No entanto, o que pesa mais é o fato de a China estar numa ação expansionista econômico-militar, atuando em áreas tradicionais de influência Ocidental. Com o seu programa Belt and Road Iniciative, considerado a Nova Rota da Seda, a China está financiando obras de infraestrutura pela Ásia, Europa, África e já está chegando à América Latina. São rodovias, ferrovias, portos e aeroportos. A China financia e constrói. Se o país não paga o financiamento, ela assume o controle. E um detalhe fundamental: com ou sem controle do país, em caso de guerra essas obras servirão de apoio para forças chinesas. Sem contar a expansão chinesa pelo Indo-Pacífico, onde constrói ilhas artificiais para servir de base militar. Tudo isto soma-se às preocupações de Washington.

Apesar de todos esses problemas, EUA tem procurado ser pragmático. Ao olhar para o mercado chinês de 1,4 bilhão de habitantes, percebe, de uma parte, uma mão de obra barata para suas empresas que lá se estabelecem. De outra, um crescente e poderoso mercado para os seus produtos. Afinal, a China tem hoje 300 milhões de pessoas de classe média. Além disto, busca afastar de Vladimir Putin aquele que hoje é o seu principal aliado.

No entanto, há outro grande problema entre os dois países e diz respeito a Taiwan. A ilha capitalista que a China considera uma república rebelde e quer reanexar. Algo que tem sido motivo de frequentes atritos entre Washington e Pequim. Os EUA têm fornecido armamentos para Taiwan e acenado com a possibilidade de defesa da ilha em caso de invasão. Posição que irrita profundamente a China. Pois, no encontro com Xi Jinping, Anthony Blinken parece ter esclarecido o assunto. Em coletiva de imprensa em Pequim, o secretário de Estado disse que “os EUA apoiam a política de um país, a China, e não apoiam a independência de Taiwan ou qualquer mudança unilateral”. Ou seja, reconhecem a China, não defendem a independência de Taiwan, mas também não aceitam uma decisão unilateral, que seria a falta de um acordo entre Pequim e Taipé para reunificação, com a consequente invasão da ilha pela China. Só que fica cada vez mais claro que, se a China invadir Taiwan, os Estados Unidos não irão sair em defesa da ilha. A estas alturas os negócios com a China e a questão geopolítica prevalecem.

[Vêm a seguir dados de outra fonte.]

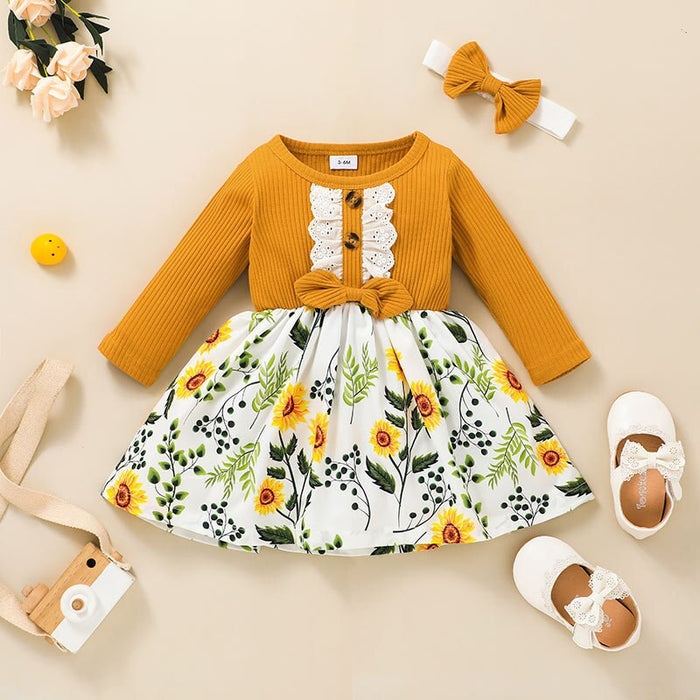 Floral Print Baby Girl Long Sleeve Dress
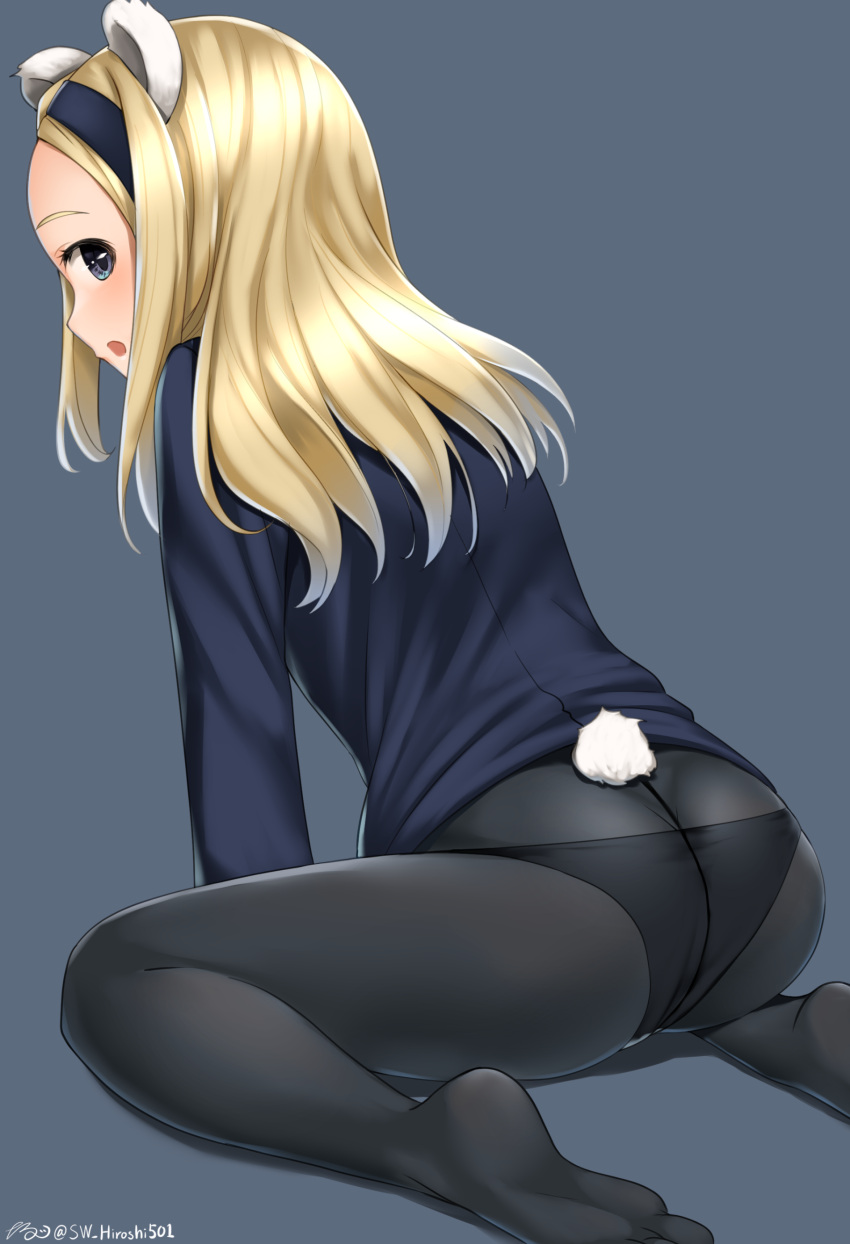 1girl absurdres aleksandra_i_pokryshkin animal_ears artist_name ass bear_ears bear_tail black_legwear black_panties blonde_hair blue_background blue_eyes blush brave_witches butt_crack crotch_seam hair_ornament hairband highres hiroshi_(hunter-of-kct) looking_at_viewer looking_back military military_uniform open_mouth panties panties_under_pantyhose pantyhose shiny shiny_hair simple_background soles solo tail underwear uniform world_witches_series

Mas, enfim, ao buscar uma maior aproximação com a China, os EUA distanciam Pequim de Moscou. Hoje a China é o principal aliado da Rússia de Vladimir Putin. Mas, como disse o velho diplomata ex-secretário de Estado Henry Kissinger, do alto dos 100 anos de idade: “Creio ser possível criar uma ordem mundial com base em regras que Europa, China e Índia possam compartilhar”. Vale lembrar que Kissinger foi o responsável pelo reatamento com a China lá nos anos 1970, quando ele era secretário de Estado.